E ao CONTRATAR UM AMIGO, o que acontece é que você não gera vínculo nem se sente obrigado a retribuir nada! É parte do contrato. Você desfruta o serviço e não precisará empenhar nada mais. Nenhum tempo seu (além daquele necessário para a entrega do serviço) será exigido pelo contratado! Muito pelo contrário. Como se não bastasse, já há até quem defenda o direito de recorrer ao PROCOM para reclamar seus direitos - caso o "amigo contratado" possa trazer alguma frustração, ou caso ele não tenha desempenhado bem o serviço durante o tempo de contrato. Imagina isso?

É mesmo notável a forma como o mercado se vale das necessidades humanas para gerar novos serviços e novas relações comerciais. No Japão, virou febre a "esposa de algodão". É lá também onde já se paga para "dormir de conchinha"! Estranho? Isso mesmo, e sem nada de sexo envolvido! Contrata-se apenas a “pura” companhia do outro para se ter a sensação de receber calor humano - algo que está cada vez mais raro na maioria das sociedades atuais. E é justamente a ausência desse "calor humano" que caracteriza esse novo mercado emergente. Nele, paga-se por hora de "serviço humano". E paga-se bem.

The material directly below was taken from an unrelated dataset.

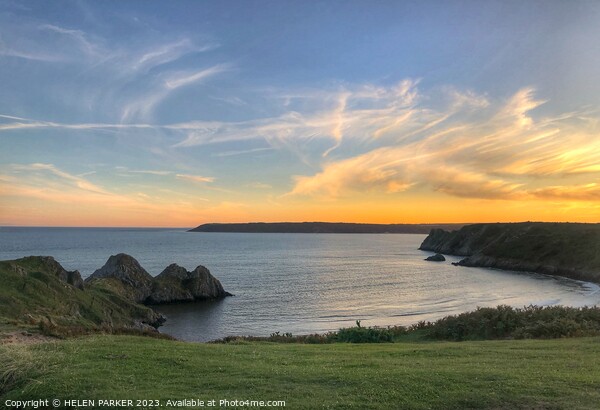 Sunset over Three Cliffs in Gower Picture Board by HELEN PARKER
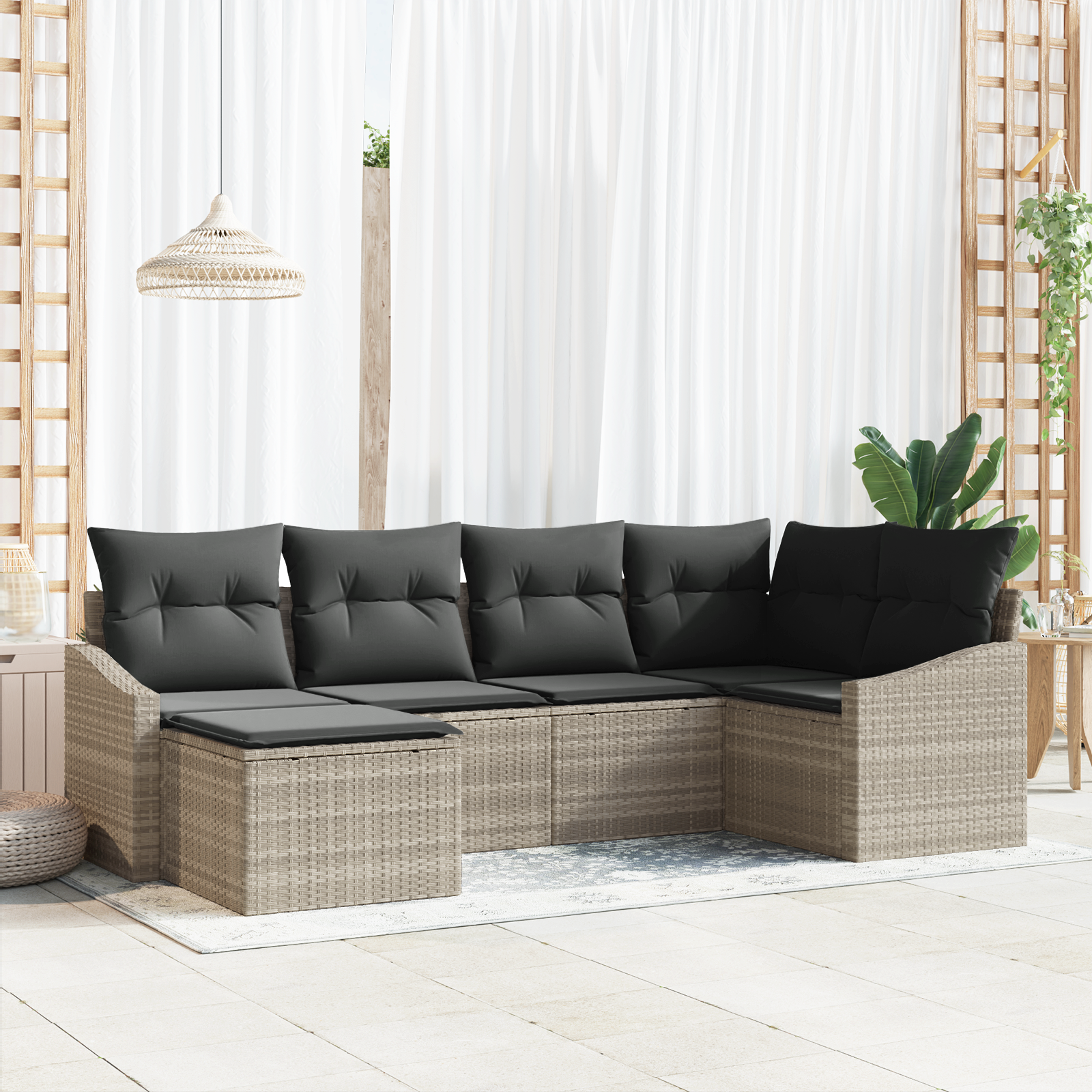 Thumbnail - vidaXL 6-teilige Garten-Sofa-Set mit Kissen hellgrau Poly-Rattan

O MERCADO DA SOLIDÃO É ISSO. Um olhar ávido , pronto para explorar as novas necessidades que estão emergindo à medida em que aumentam os riscos e os sintomas de stress, de ansiedade, solidão e depressão. Nesse contexto, o "mercado" faz aquilo que sabe fazer: ele se antecipa e transforma a naturalidade e a gratuidade dos relacionamentos em mais uma oportunidade de gerar lucro.


Será que essa 'volatilidade lucrativa' que alimenta o 'sistema' das necessidades modernas continuará engolindo tudo o que temos de mais precioso no SER HUMANO?


O fato é que, sem percebermos já estamos um tanto perdidos em nossa aceleração. Já estamos bem distanciados uns dos outros, da vida, e até de nós mesmos. Solitários e sem 'amigos reais', nos tornamos um simples ‘vapor’ dissolvido e esquecido na chaleira do tempo e na ebulição de uma sociedade que nunca reflete, nunca se olha, nem nunca descansa.


Ainda há tempo de escolher. Podemos fazer disso tudo uma experiência para "ajustar a rota", ou adotar essa nova tendência de "consumo humano", como um caminho onde não saberemos mais distinguir uma relação real e consistente de outra virtual e artificializada. Se essa for a escolha, seremos apenas um número a mais na "cadeia produtiva" de um sistema já falido, mas ainda insaciável. Tal como o "mercado" deseja. A consciência ou a inconsciência coletiva definirá o que ainda vem por aí.